WHO'S TO BLAME? Also, the GOP's timing is off. For reasons of budgetary sleight of hand, most of the Bush tax cut would take effect several years hence, in the wrong part of the business cycle. If the economy is softening, the culprit is not some fundamental weakness but a risk-averse Federal Reserve. Pursuing the fabled "soft landing," Alan Greenspan has ordered six interest-rate hikes. But what the chairman can take away, the chairman can give back. Lately, Greenspan has been signaling a January rate cut, which would be all the short-term tonic the economy needs.
But what about the long term? The Fed will let the economy grow only so fast, for fear of inflation. Even if a huge tax cut gunned demand, the Fed would limit the stimulative effect. Today the main constraint on growth is neither weak demand nor production bottlenecks, but the Fed's view of tight labor markets.
The Fed now believes that if unemployment goes much below 4%, labor costs begin to outpace productivity growth and inflation looms. At that point, the Fed hits the brakes. Under Greenspan, the Fed has allowed somewhat faster growth because rising productivity thus far has accommodated rising wages without inflation. But growth is still limited.
In a full-employment economy, what holds back higher growth is qualified labor supply. That argues not for spending the surplus on a tax cut, but for education and training outlays to expand the labor pool and improve the quality and productivity of U.S. workers. Today, nearly all the qualified people are working. But millions of others are unqualified for available jobs. Both Gore and Bush claimed to be for better education, but education costs money. Unless you want deficits, you can't spend the same dollar on a tax cut that you spend on smaller classes and improved schools.

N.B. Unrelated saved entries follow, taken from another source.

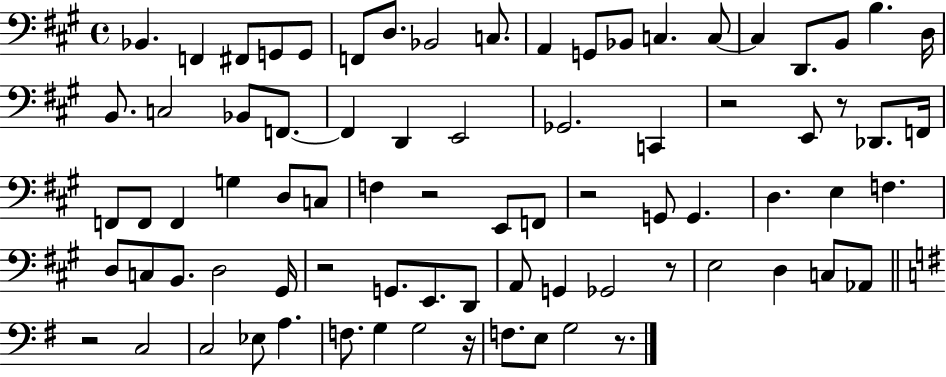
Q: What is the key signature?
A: A major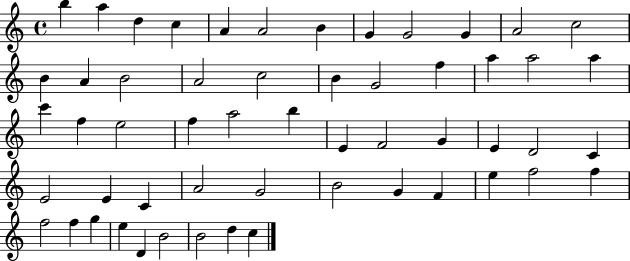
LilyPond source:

{
  \clef treble
  \time 4/4
  \defaultTimeSignature
  \key c \major
  b''4 a''4 d''4 c''4 | a'4 a'2 b'4 | g'4 g'2 g'4 | a'2 c''2 | \break b'4 a'4 b'2 | a'2 c''2 | b'4 g'2 f''4 | a''4 a''2 a''4 | \break c'''4 f''4 e''2 | f''4 a''2 b''4 | e'4 f'2 g'4 | e'4 d'2 c'4 | \break e'2 e'4 c'4 | a'2 g'2 | b'2 g'4 f'4 | e''4 f''2 f''4 | \break f''2 f''4 g''4 | e''4 d'4 b'2 | b'2 d''4 c''4 | \bar "|."
}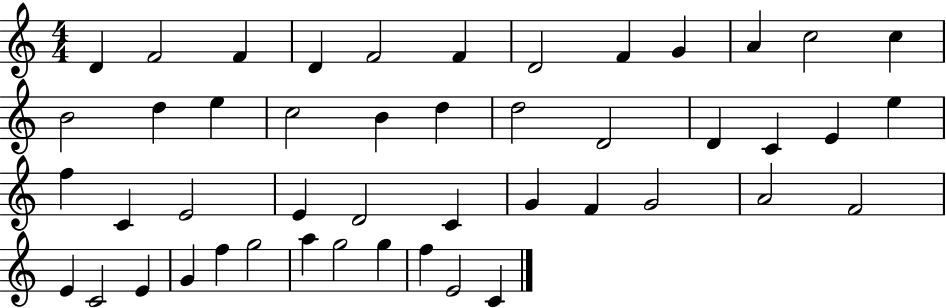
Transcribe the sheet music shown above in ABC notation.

X:1
T:Untitled
M:4/4
L:1/4
K:C
D F2 F D F2 F D2 F G A c2 c B2 d e c2 B d d2 D2 D C E e f C E2 E D2 C G F G2 A2 F2 E C2 E G f g2 a g2 g f E2 C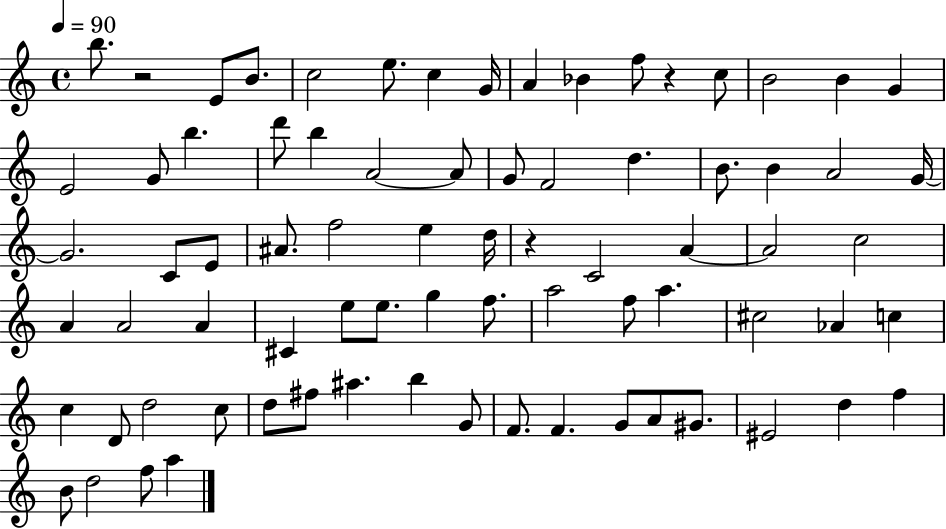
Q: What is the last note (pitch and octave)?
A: A5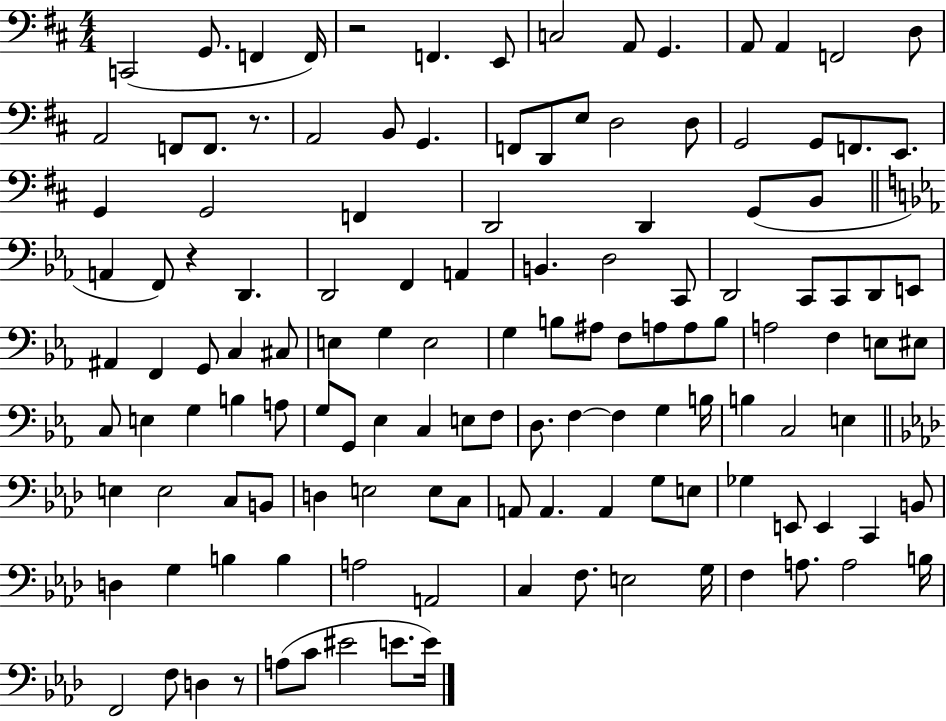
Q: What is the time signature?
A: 4/4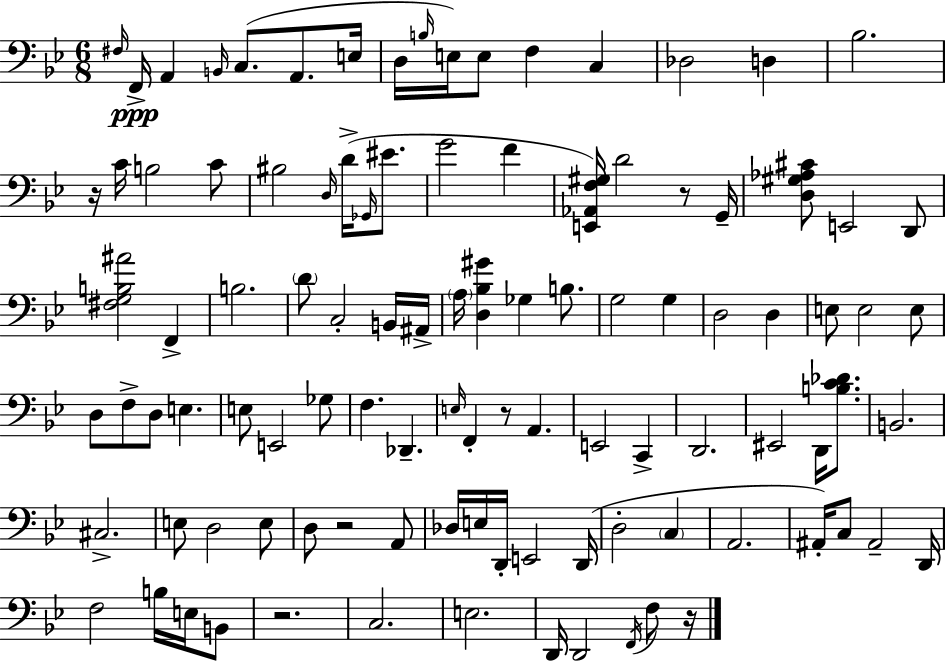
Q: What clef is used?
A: bass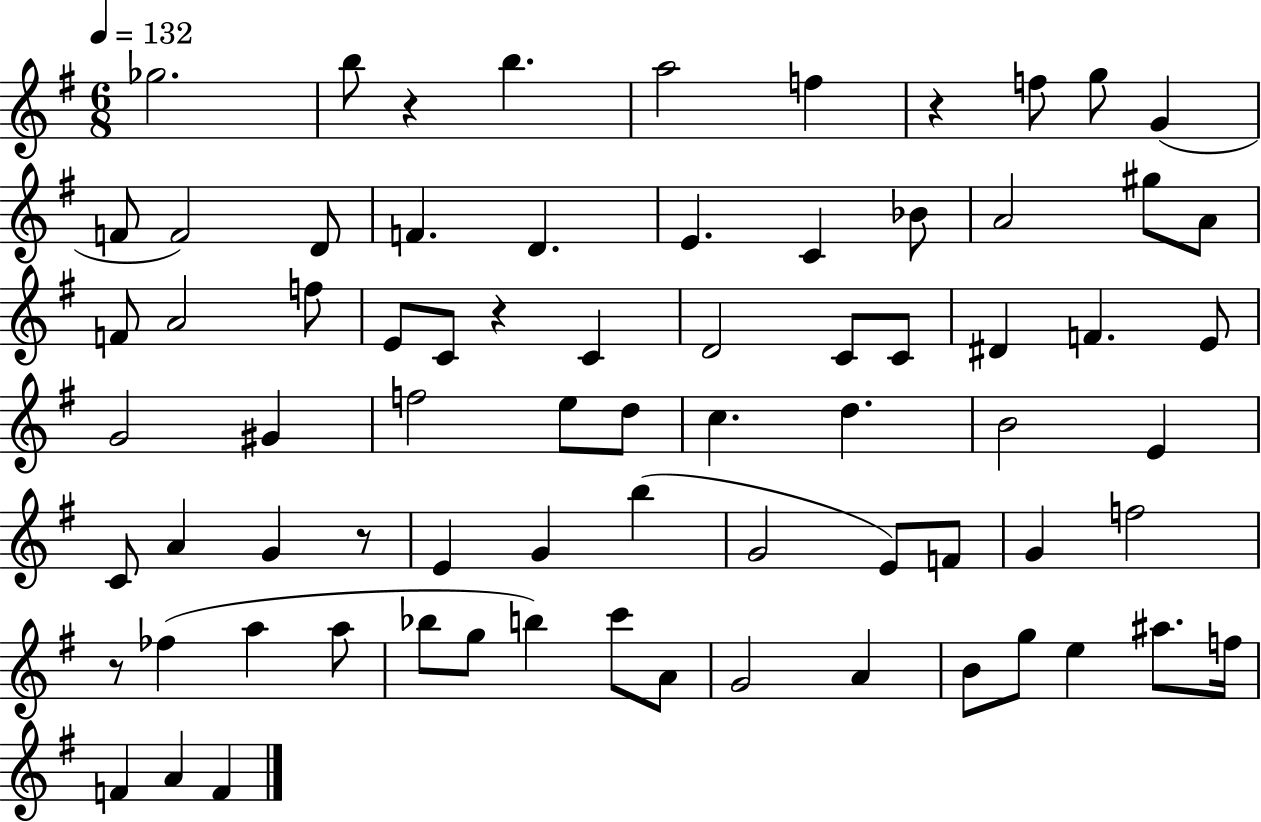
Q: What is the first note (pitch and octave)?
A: Gb5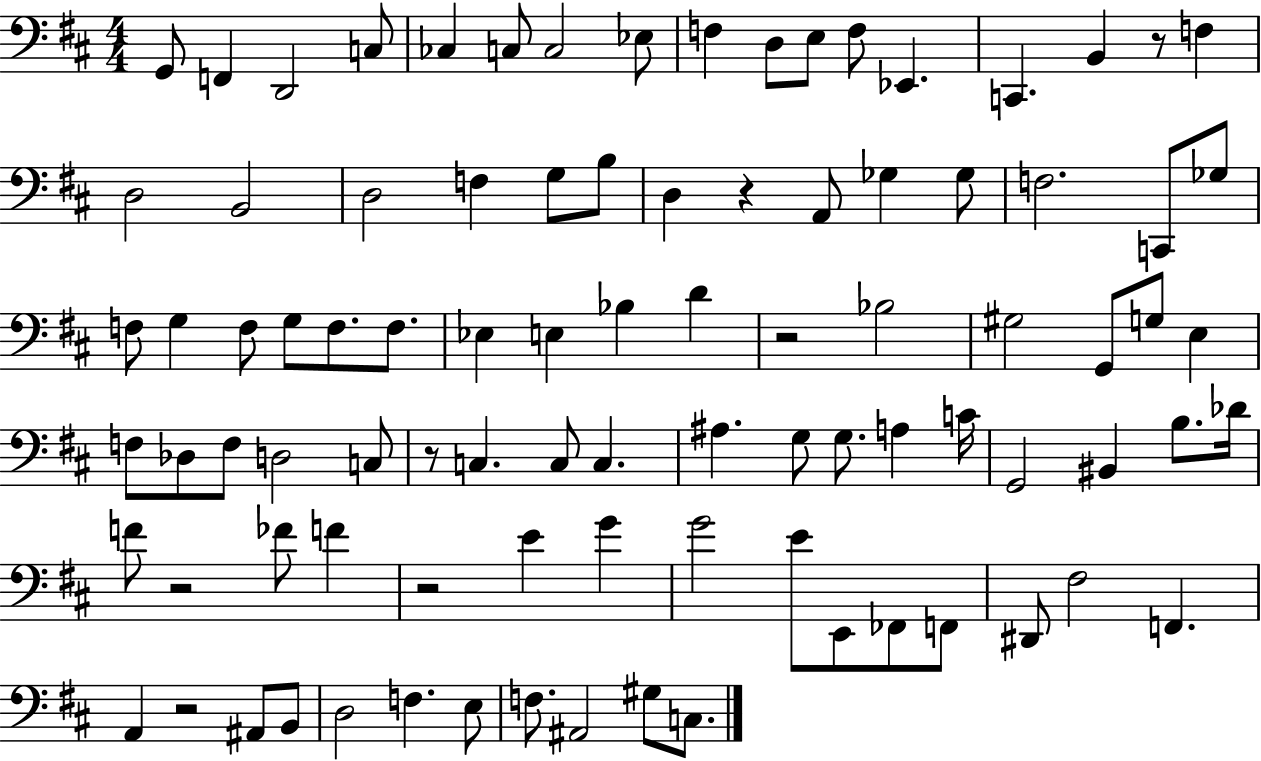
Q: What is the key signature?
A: D major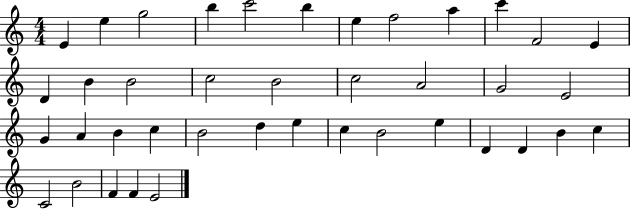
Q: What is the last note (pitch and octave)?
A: E4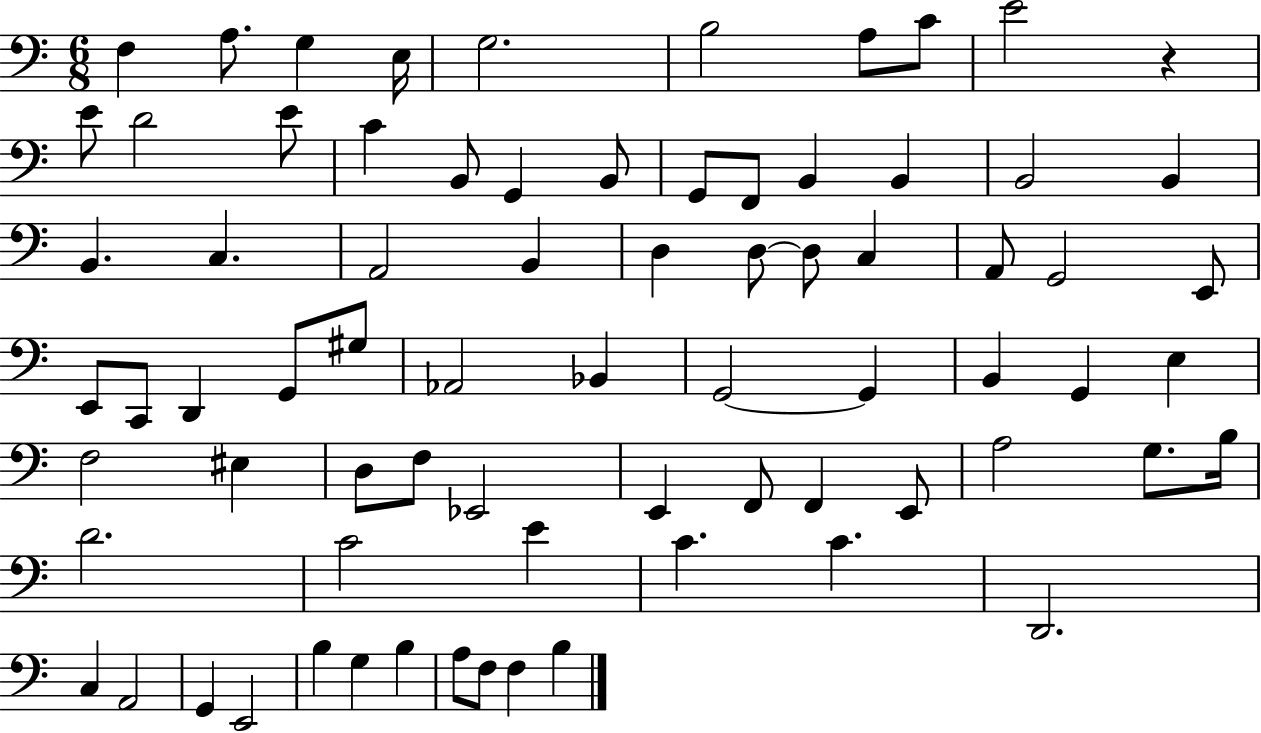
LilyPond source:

{
  \clef bass
  \numericTimeSignature
  \time 6/8
  \key c \major
  \repeat volta 2 { f4 a8. g4 e16 | g2. | b2 a8 c'8 | e'2 r4 | \break e'8 d'2 e'8 | c'4 b,8 g,4 b,8 | g,8 f,8 b,4 b,4 | b,2 b,4 | \break b,4. c4. | a,2 b,4 | d4 d8~~ d8 c4 | a,8 g,2 e,8 | \break e,8 c,8 d,4 g,8 gis8 | aes,2 bes,4 | g,2~~ g,4 | b,4 g,4 e4 | \break f2 eis4 | d8 f8 ees,2 | e,4 f,8 f,4 e,8 | a2 g8. b16 | \break d'2. | c'2 e'4 | c'4. c'4. | d,2. | \break c4 a,2 | g,4 e,2 | b4 g4 b4 | a8 f8 f4 b4 | \break } \bar "|."
}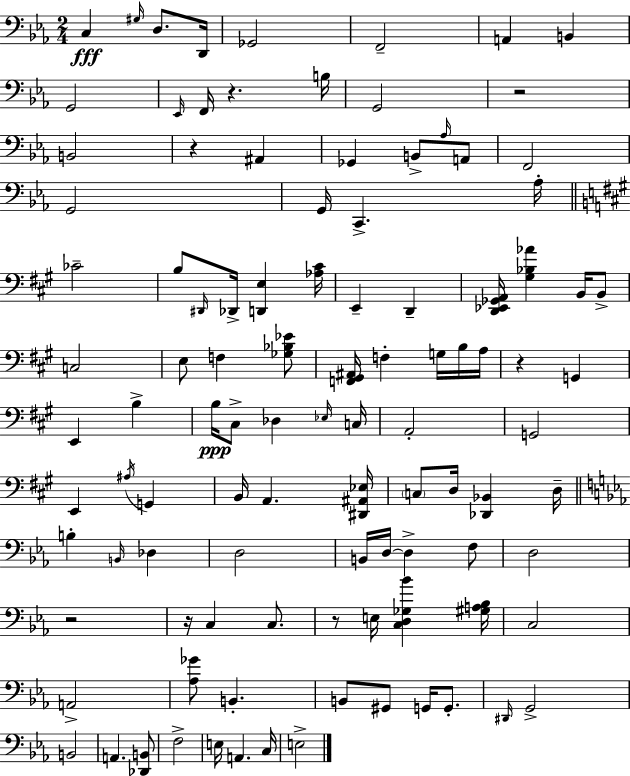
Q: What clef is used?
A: bass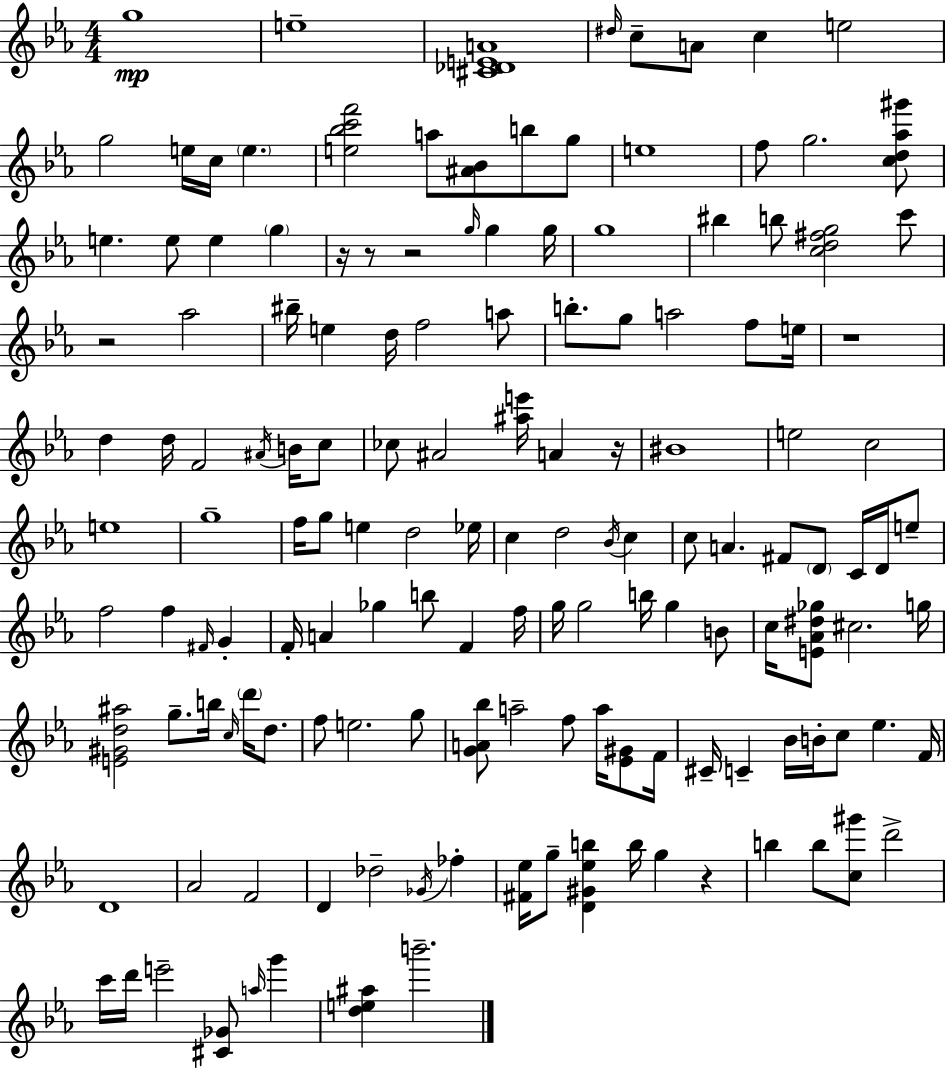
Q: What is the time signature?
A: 4/4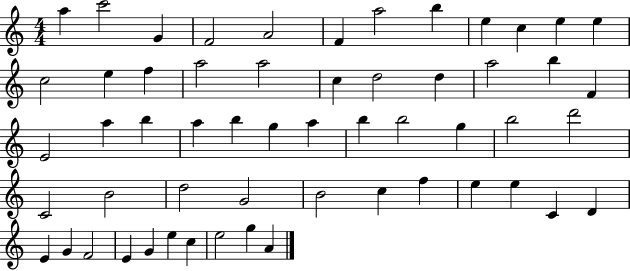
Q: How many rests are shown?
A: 0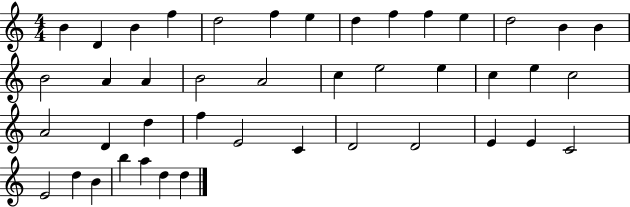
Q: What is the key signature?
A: C major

This is really a three-way debate. One school, mostly Republican, holds we should "give the money back" to the citizenry via a massive tax cut. Although the tax cutters have lately invoked the specter of recession, they should be honest enough to admit they favor tax cuts in principle, whatever the economic weather. The second school wants to pay off the entire national debt, contending that no public debt means cheaper capital for private investment and hence higher rates of growth. Centrist Democrats of this persuasion also use their position tactically to head off a GOP tax cut. They do this by defining debt paydown as a necessary means ("lockbox") to set aside funds to replenish Social Security.
This approach is nimble tactics, but also questionable economics. The implicit premise is that public spending by definition crowds out private investment, and that a marginal dollar of private capital is always more productive than a marginal dollar of public outlay.
But with dot-com lunacy having no scarcity of willing investors and foreign sources of funds beating down our doors, do we really have a capital shortage--or just a tightfisted Fed? How many more Internet failures do we need? Wouldn't it improve productivity more to invest some of the surplus in relieving airport congestion or improving schools? That certainly beats both the proposed Republican destination--the pockets of gazillionaires--and the Gore plan to retire a debt we've usefully carried to finance public outlay since the days of Alexander Hamilton.
Granted, this third view has been all but drowned out by the debate between tax cutters and debt retirers. But if we want to maintain the current boom in the face of a nervous Fed, social investment to enhance productivity is the most sensible policy.